> _Work instruction_
When you reach the line with "Green Pink Floral" in the listing below, write out that line and every one after it exactly, and skip the pictures.

________________________

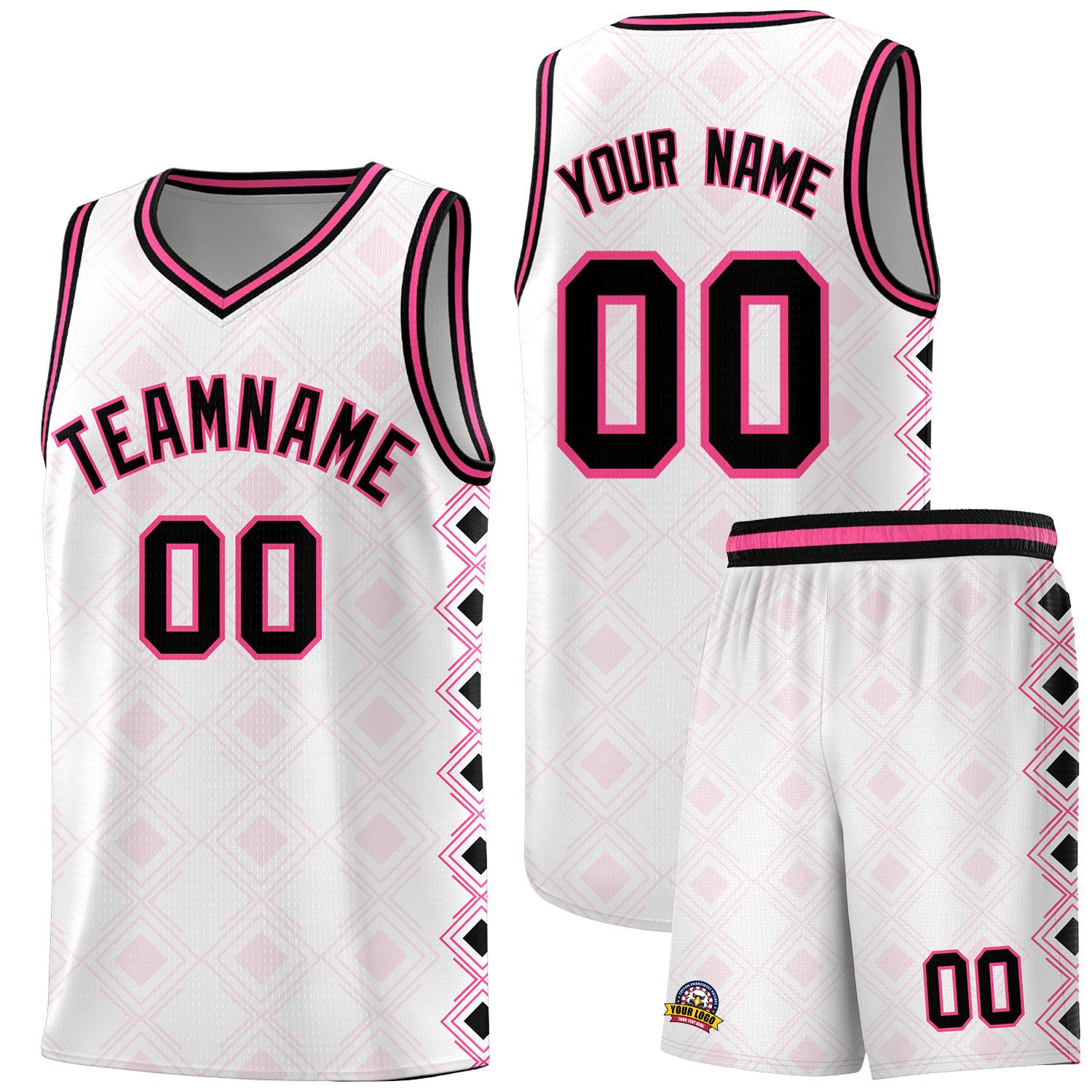 Custom White Side Blocks Sports Uniform Basketball Jersey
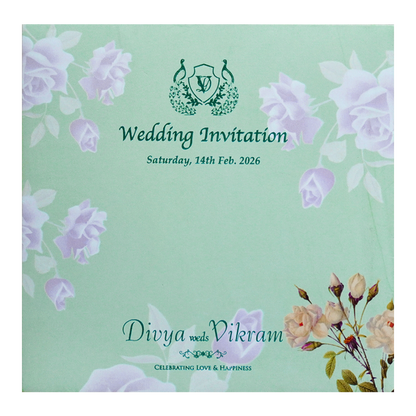 Green Pink Floral Invitation Card-King of Cards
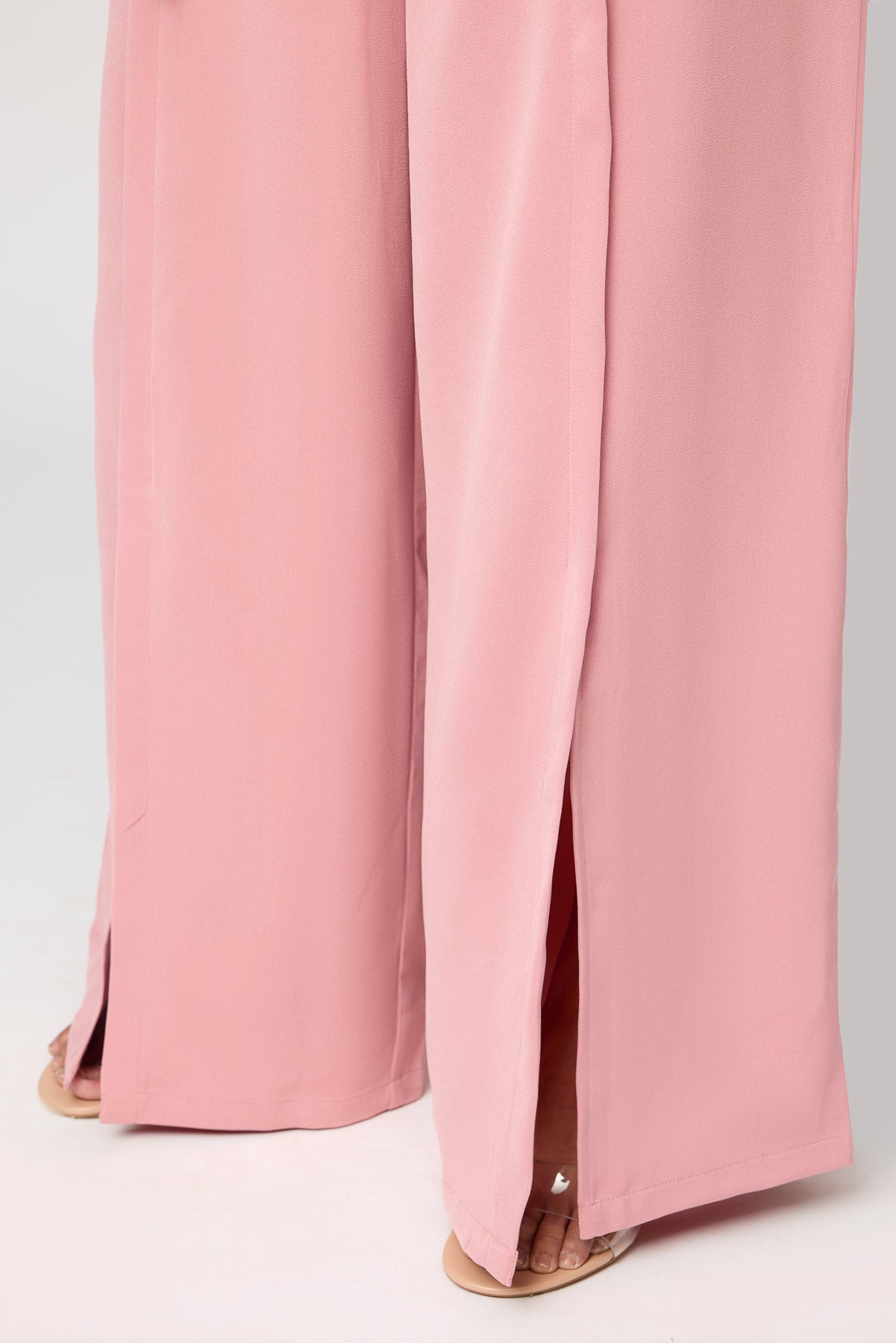Curve Peony Pink Belted Flared Korean Pants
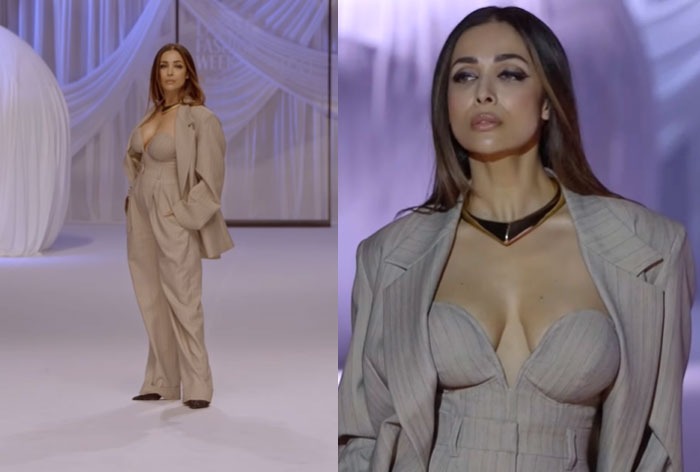 Malaika Arora Ditches Extravagant Runway Styles For an Oversized Bustier Pantsuit at LFW 2023- HOT PICS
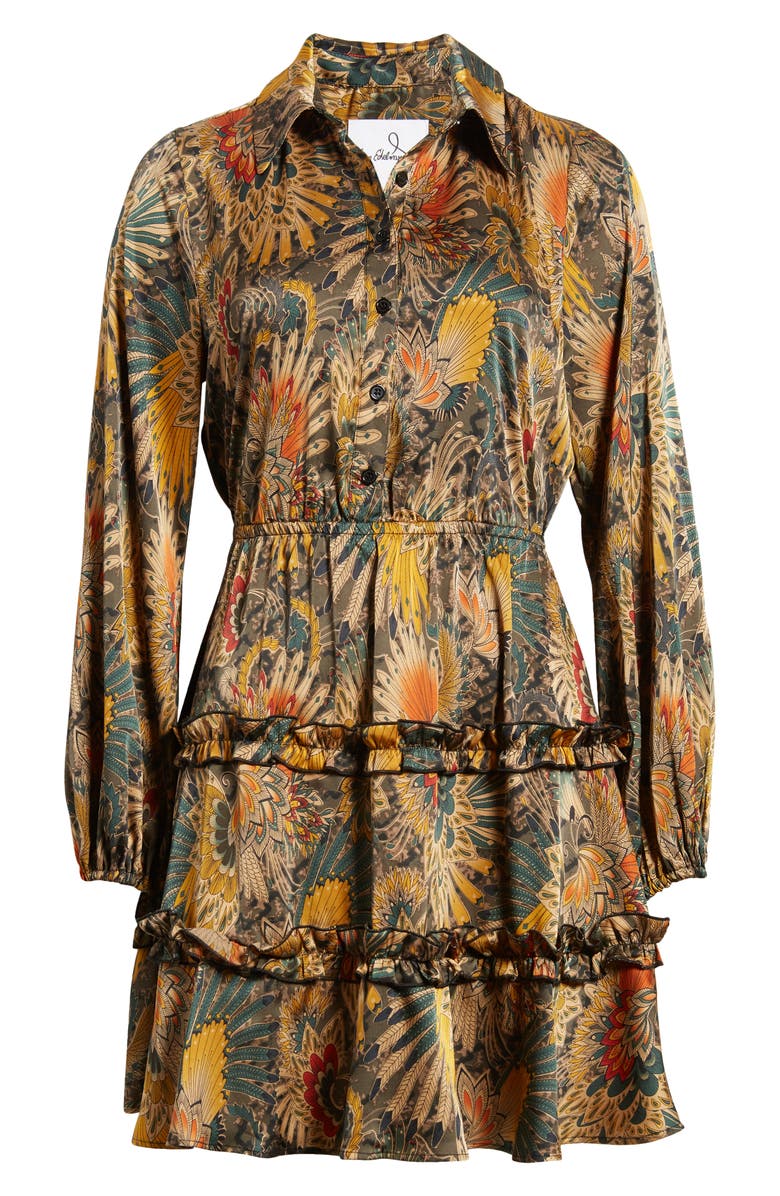 Sam Edelman Fall Feather Long Sleeve Mini Shirtdress, Alternate, color, Brown Multi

________________________

> _Reply to the exercise_
 Green Pink Floral Invitation Card-King of Cards
Curve Peony Pink Belted Flared Korean Pants
 Malaika Arora Ditches Extravagant Runway Styles For an Oversized Bustier Pantsuit at LFW 2023- HOT PICS
 Sam Edelman Fall Feather Long Sleeve Mini Shirtdress, Alternate, color, Brown Multi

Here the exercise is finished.